Tournaments are designed to eliminate all but one player. Everyone has to go broke sometime and it's easy for eliminated players to blame a structure flaw, or a bad card or something like that. But that's how tournaments work.
there are options to get a smoother progression and ease players into the higher stakes instead of doubles that force the gamble quickly.
Ah, but there's the rub. Since blind structure progression -- and how fast/slow it
feels -- is a combination of stack size, rate of increase, and
time, doubling the blinds every level doesn't necessarily "force the gamble quickly".
I've posted a similar comparison before, but it serves as a good reference of how there are multiple ways to skin the tourney blind structure cat, and that all (or a combination thereof) can be very reasonable approaches.
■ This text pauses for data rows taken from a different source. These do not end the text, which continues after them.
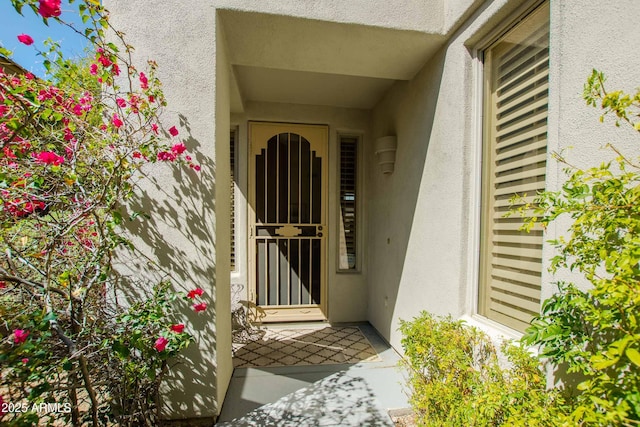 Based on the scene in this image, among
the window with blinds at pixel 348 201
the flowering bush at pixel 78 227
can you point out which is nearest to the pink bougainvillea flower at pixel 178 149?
the flowering bush at pixel 78 227

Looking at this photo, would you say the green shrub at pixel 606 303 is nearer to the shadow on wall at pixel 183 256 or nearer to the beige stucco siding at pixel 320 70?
the beige stucco siding at pixel 320 70

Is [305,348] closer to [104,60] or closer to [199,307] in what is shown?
[199,307]

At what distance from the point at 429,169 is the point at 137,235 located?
2.62 m

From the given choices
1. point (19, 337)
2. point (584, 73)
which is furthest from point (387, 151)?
point (19, 337)

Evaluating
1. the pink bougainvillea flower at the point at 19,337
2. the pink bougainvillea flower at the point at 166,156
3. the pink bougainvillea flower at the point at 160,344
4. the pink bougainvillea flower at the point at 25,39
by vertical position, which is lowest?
the pink bougainvillea flower at the point at 160,344

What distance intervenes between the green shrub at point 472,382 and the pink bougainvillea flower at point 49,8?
2.93 metres

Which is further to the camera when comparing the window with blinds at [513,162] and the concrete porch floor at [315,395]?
the concrete porch floor at [315,395]

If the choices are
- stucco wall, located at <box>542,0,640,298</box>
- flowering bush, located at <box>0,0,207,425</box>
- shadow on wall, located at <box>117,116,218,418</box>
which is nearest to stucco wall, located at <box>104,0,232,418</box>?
shadow on wall, located at <box>117,116,218,418</box>

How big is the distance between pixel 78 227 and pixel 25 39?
1.11 metres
I offer the four structures below, each with the same starting stack size (10k), opening blind level (100/200, 50bb), and estimated tournament length (3 hours). The only differences are 1) the duration of the blind levels in each structure, and 2) the rate at which the blinds increase per level.
The first and last structures below are opposite extremes regarding times and rates (very short times with very small increases vs very long times with very large increases), but all four structures start and end at the same place -- they just take different paths to get there. The number of big blinds relative to the 10k starting stack is shown at the beginning of each hour:
A) 12 minute levels, ~21% avg increases
L1 100/200 50bb
L2 125/250
L3 150/300
L4 175/350
L5 200/400
L6 250/500 20bb
L7 300/600
L8 400/800
L9 500/1000
L10 600/1200
L11 700/1400 7bb
L12 800/1600
L13 1000/2000
L14 1200/2400
L15 1500/3000
B) 20 minute levels, ~40% avg increases
L1 100/200 50bb
L2 150/300
L3 200/400
L4 300/600 17bb
L5 400/800
L6 600/1200
L7 800/1600 6bb
L8 1100/2200
L9 1500/3000
C) 30 minute levels, ~72% avg increases
L1 100/200 50bb
L2 175/350
L3 300/600 17bb
L4 600/1000
L5 900/1800 6bb
L6 1500/3000
D) 60 minute levels, ~288% avg increases
L1 100/200 50bb
L2 400/800 13bb
L3 1500/3000 3bb
What is really interesting (in terms of the blind increases discussion) is that after the initial 20 minutes (where blinds in both structures are the same 100/200), Structure D -- with a whopping 300% initial blind increase -- is actually
slower (i.e. less demanding) than Structure B for the next 40 minutes, then just marginally faster for only 20 minutes before being equal again for 20 minutes, and then becoming significantly slower for another 20 minutes until reaching Hour 3.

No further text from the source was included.